When I try to load the model to run inference, it fails with an error saying Invalid model.
File "testOnnxModel.py", line 178, in inference
session = ort.InferenceSession(onnx_file, sess_options=sess_options, providers=['CPUExecutionProvider'])
File "/root/anaconda3/envs/versa_benchmark/lib/python3.7/site-packages/onnxruntime/capi/onnxruntime_inference_collection.py", line 335, in __init__
self._create_inference_session(providers, provider_options, disabled_optimizers)

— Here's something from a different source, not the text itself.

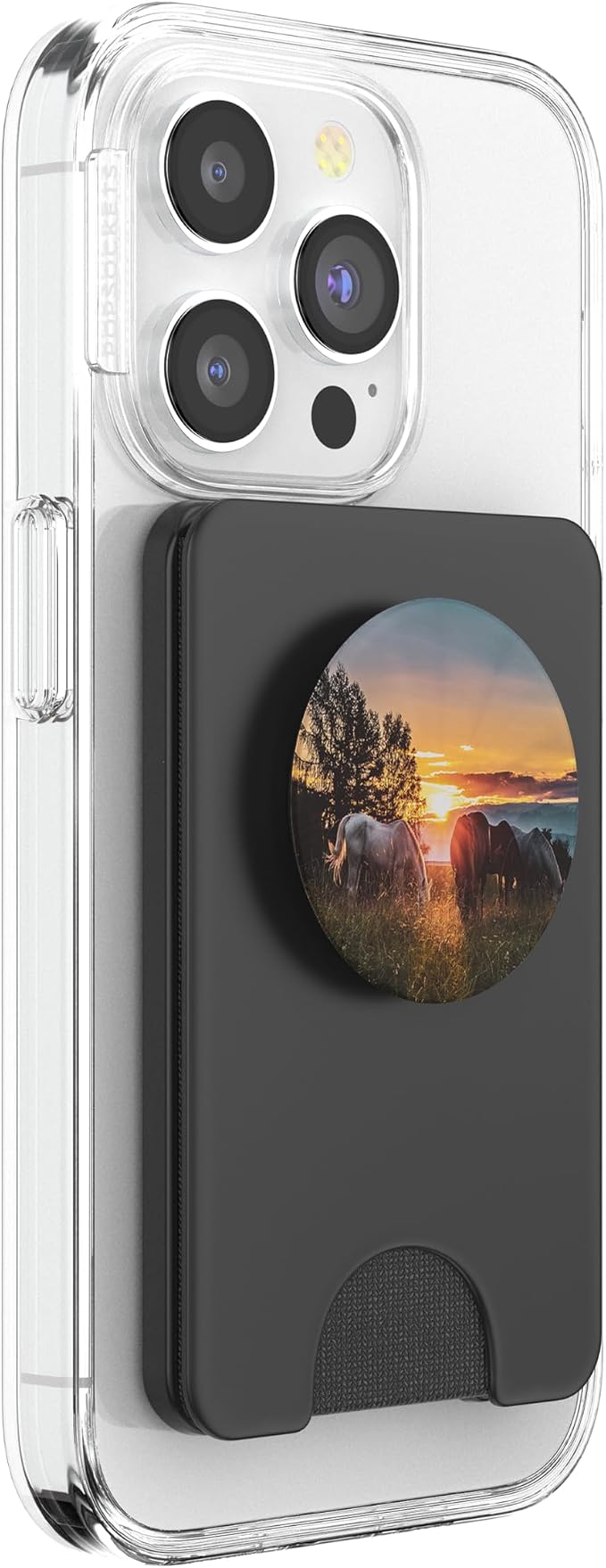 Horse PopSockets Adhesive PopGrip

File "/root/anaconda3/envs/versa_benchmark/lib/python3.7/site-packages/onnxruntime/capi/onnxruntime_inference_collection.py", line 370, in _create_inference_session
sess = C.InferenceSession(session_options, self._model_path, True, self._read_config_from_model)

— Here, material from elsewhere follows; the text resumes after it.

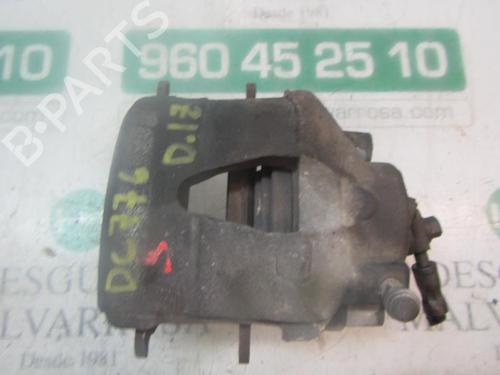 Used Left front brake caliper Left front brake caliper SEAT LEON (1M1) 1.9 TDI (90 hp) 11550653 11550653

onnxruntime.capi.onnxruntime_pybind11_state.Fail: [ONNXRuntimeError] : 1 : FAIL : Load model from rappnet2_int8.onnx failed:This is an invalid model. Error: two nodes with same node name (model/rt_block/layer_normalization/moments/SquaredDifference:0_QuantizeLinear).
I am able to quantize and work on the same model's tensorflow version.
Please help on this.
Anand Viswanath A
Thank you for posting in Intel Communities.
Could you please share the following details?
1. Sample reproducer code
2. exact steps and the commands used
3. OS details.
Please find the details below,
Execute the python script with the quantization code.
The script takes ONNX FP32 model which is converted from TF Frozen FP32 model using TF2onnx.
The output INT8 ONNX model when loaded for inferencing, gives the above error
Linux sdp 5.4.0-110-generic #124-Ubuntu
Anand Viswanath A
We have not heard back from you.
Could you please share the sample reproducer code which was used for inferencing with exact steps followed so that we can try to fix the issue from our end?